Thursday, December 27, 2012

Who da judge? The N.R.A. will let you know

The N.R.A. at the Bench

By LINDA GREENHOUSE, NYT

There has been plenty written about the National Rifle Association in recent days. But nothing that I've seen has focused on the gun lobby's increasingly pernicious role in judicial confirmations. So here's a little story.

Back in 2009, when President Obama chose Judge Sonia Sotomayor as his first Supreme Court nominee, the White House expected that her compelling personal story, sterling credentials, and experience both as a prosecutor and, for 17 years, as a federal judge would win broad bipartisan support for her nomination. There was, in fact, no plausible reason for any senator to vote against her.
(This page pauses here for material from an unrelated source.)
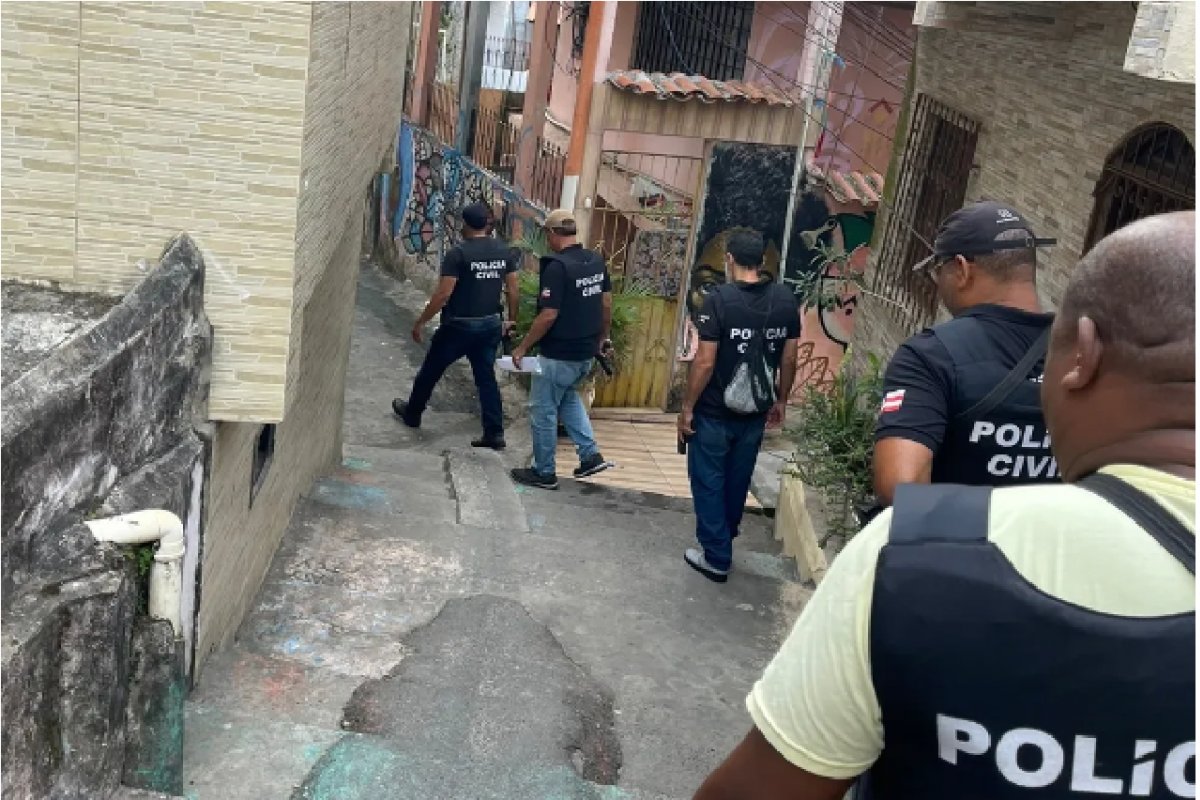 Bahia: número de presos em operação contra tráfico de drogas, homicídios e roubos sobe para 35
The president's hope was Senator Mitch McConnell's fear. In order to shore up his caucus, the Senate Republican leader asked a favor of his friends at the National Rifle Association: oppose the Sotomayor nomination and, furthermore, "score" the confirmation vote. An interest group "scores" a vote when it adds the vote on a particular issue to the legislative scorecard it gives each member of Congress at the end of the session. In many states, an N.R.A. score of less than 100 for an incumbent facing re-election is big trouble.
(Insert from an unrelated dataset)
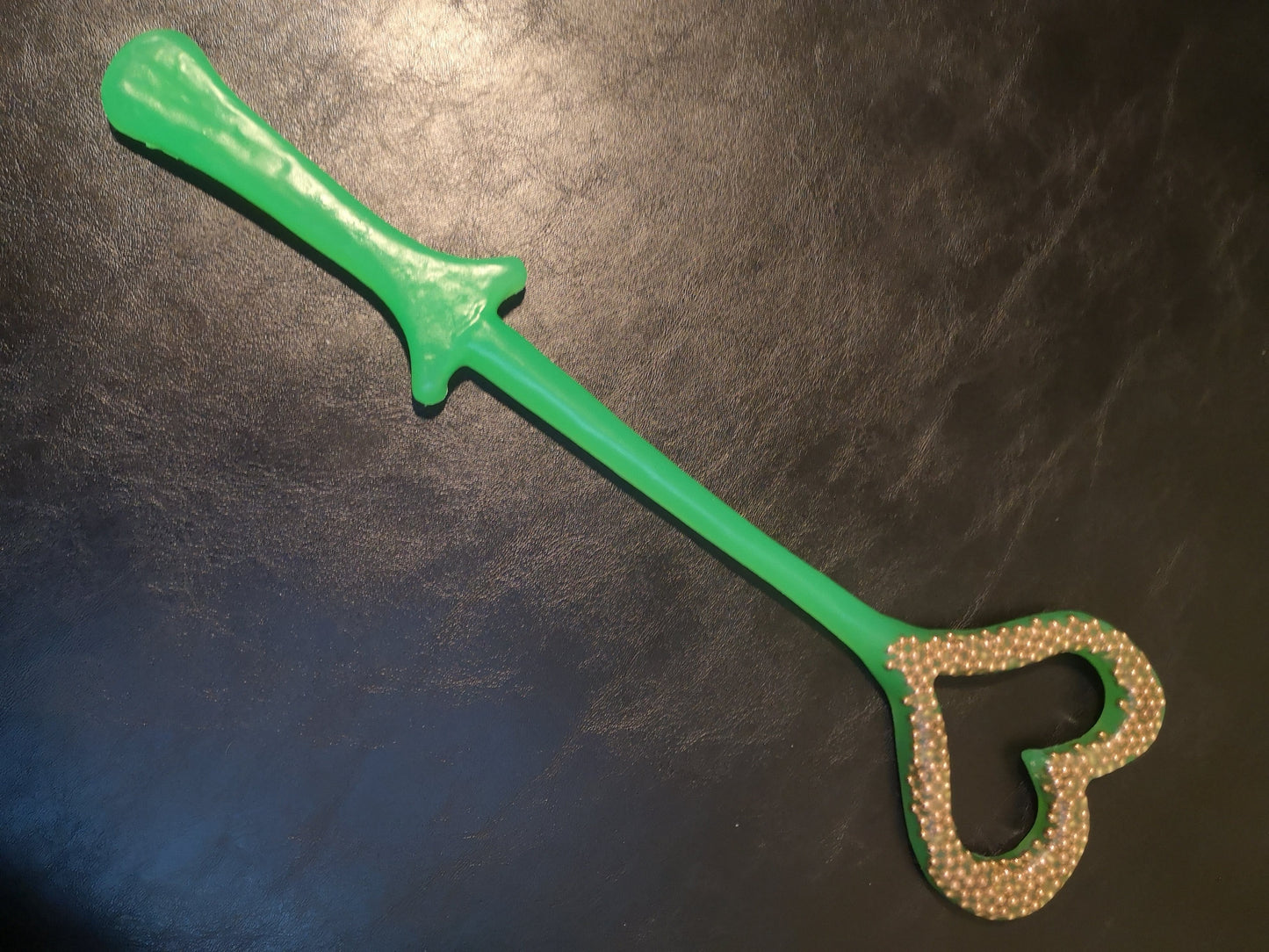 Heart Polyurethane (flexible) marking Paddle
Note that the N.R.A. had never before scored a judicial confirmation vote. Note also that Sonia Sotomayor had no record on the N.R.A.'s issues. (True, she voted with an appeals court panel to uphold New York State's ban on nunchucks, a martial-arts weapon consisting of two sticks held together with a chain or rope, commonly used by gang members and muggers. The appeals court didn't even reach the interesting issue of whether the Second Amendment guaranteed the right to keep and bear nunchucks, ruling instead that the amendment didn't apply to the states - which, before the Supreme Court later ruled otherwise by a vote of 5 to 4, it didn't.)